Выбрать главу

Машина проезжала мимо будки очередного блок-поста, замотанного в колючую проволоку. Парни с оружием с нездоровым любопытством посмотрели на наш белый кабриолет.

«Gimme hope Johanna, hope Johanna,

Gimme hope Johanna, till the morning comes,» — пел Сергей припев, покачивая головой в такт музыке, то вперед-назад, то из стороны в сторону.

«Gimme hope Johanna, gimme hope Johanna

Gimme hope before the morning comes» — послышался нестройный хор со стороны блок-поста. А к нему подключилось и хриплое сопрано Маргарет.

«I hear she making the golden money

To buy new weapons, any shape of guns

While every mother in a black Soweto

Fears the killing of another son.»

Эта часть песни была почти про меня. Ну, конечно, про меня, про кого же еще. Это для меня Джоанна собирает свои деньги по всей вашей Африке. Эй, вы, на посту, боевики или солдаты, как там вас! Неважно, кто вы сегодня и кем будете завтра! Послушайте. Я буду при деле до тех пор, пока у Джоанны есть деньги на оружие. То, что у вас в руках, дал вам не ваш президент, а я. Потому что Джоанна сделала мне предложение, от которого я не мог отказаться. Я пою эту песню по-своему. Дай мне надежду, Джоанна, дай мне работу, Джоанна, дай мне мое пространство свободы, Джоанна. Дай. Дай мне. Мне, и никому другому в этом мире. Вот так нужно петь эту песню.

«Gimme hope Johanna, hope Johanna»

Уже и мой голос помогает нашему странному передвижному хору. Теперь я весел и спокоен. Да, именно так. Вот, наконец, когда я стал весел и спокоен.

«Gimme hope Johanna, till the morning comes»

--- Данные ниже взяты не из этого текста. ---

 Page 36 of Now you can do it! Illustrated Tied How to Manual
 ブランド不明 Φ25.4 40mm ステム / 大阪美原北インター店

Дай мне надежду, Джоанна, скорее дай, пока не наступило утро. Ночь это время надежды, которая обязательно приходит не одна. И даже если в ее жестких ладонях нет сейчас ничего для меня, она споет свою колыбельную, которую нужно повторять, как мантру, и раскачиваться, раскачиваться, раскачиваться... Вот так, как это делают Сергей и Маргарет, сладкая черная девица на переднем сидении. По два раза вперед-назад и а потом еще по два, влево-вправо.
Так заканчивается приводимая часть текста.